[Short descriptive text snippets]
------------------------------

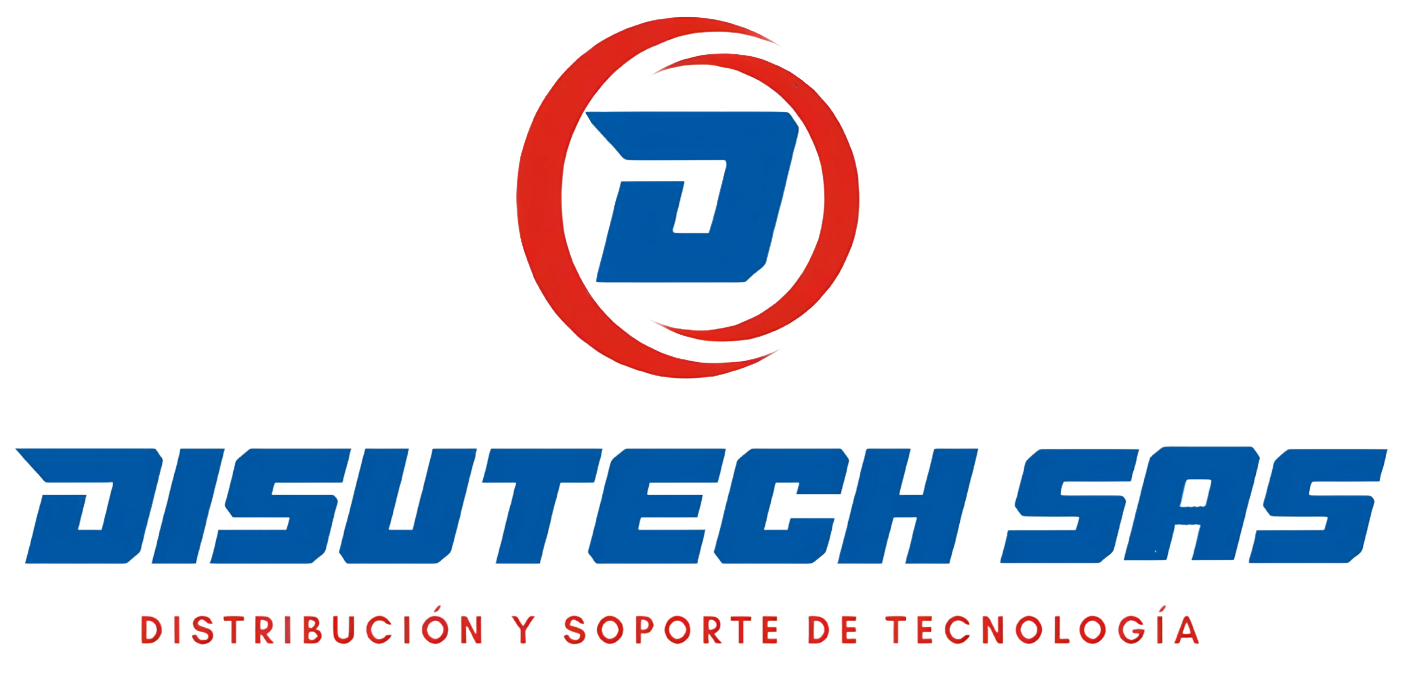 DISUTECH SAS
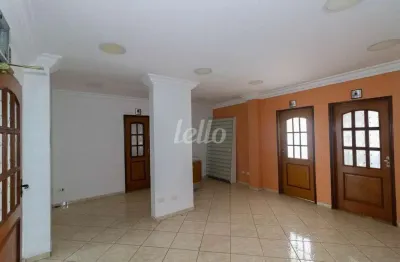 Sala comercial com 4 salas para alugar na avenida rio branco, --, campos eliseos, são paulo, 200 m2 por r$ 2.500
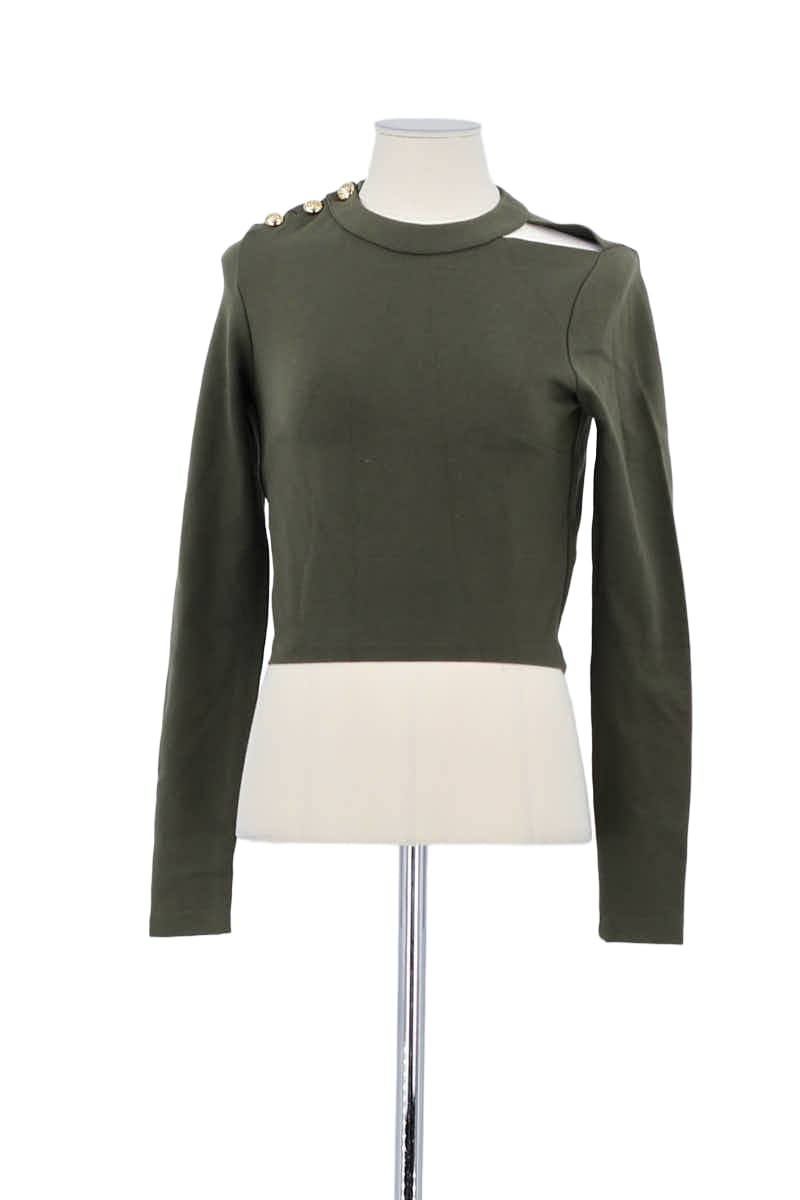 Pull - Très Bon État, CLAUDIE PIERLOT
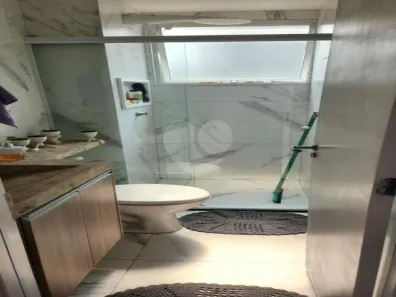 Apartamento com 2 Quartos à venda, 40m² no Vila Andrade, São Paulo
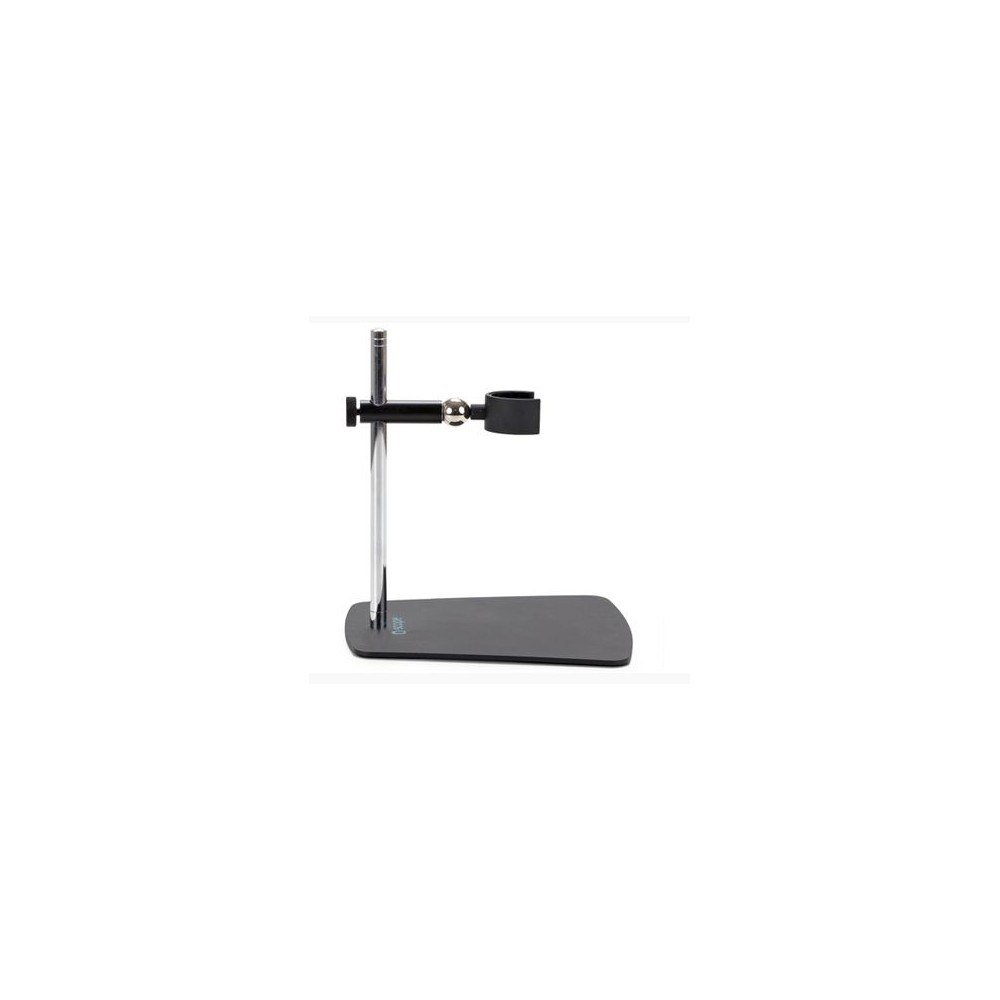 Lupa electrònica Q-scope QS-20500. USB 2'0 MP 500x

------------------------------

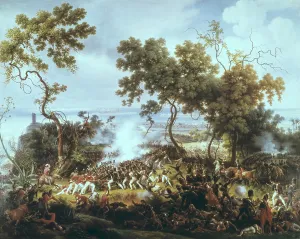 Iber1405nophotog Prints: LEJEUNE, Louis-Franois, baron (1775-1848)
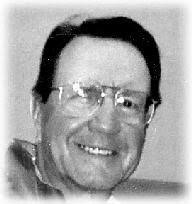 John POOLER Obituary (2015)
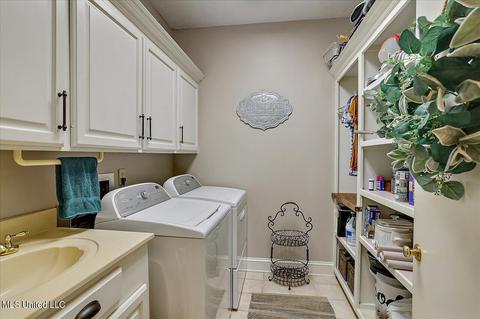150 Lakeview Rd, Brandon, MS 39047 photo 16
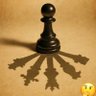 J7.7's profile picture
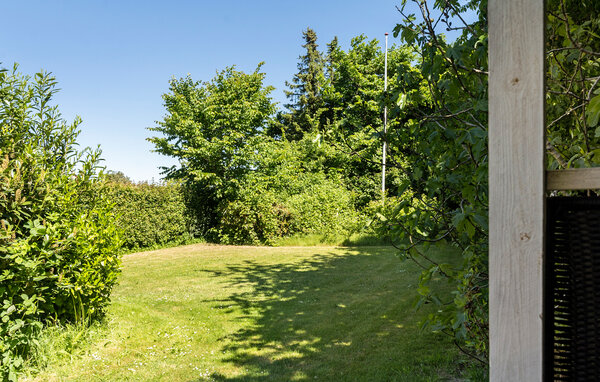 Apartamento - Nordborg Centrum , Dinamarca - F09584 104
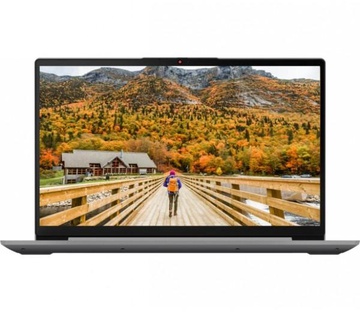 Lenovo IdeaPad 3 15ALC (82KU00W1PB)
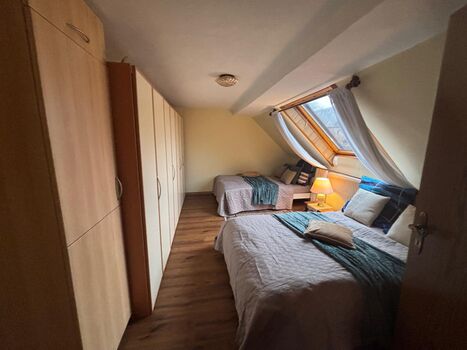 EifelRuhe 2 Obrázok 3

------------------------------

## To do
Exactly the lines above, from the one containing "Lenovo IdeaPad 3 15ALC (82KU00W1PB)" down to the one containing "EifelRuhe 2 Obrázok 3", are to be repeated, including both ends. Pictures are not part of the copy.

## Response box
 Lenovo IdeaPad 3 15ALC (82KU00W1PB)
 EifelRuhe 2 Obrázok 3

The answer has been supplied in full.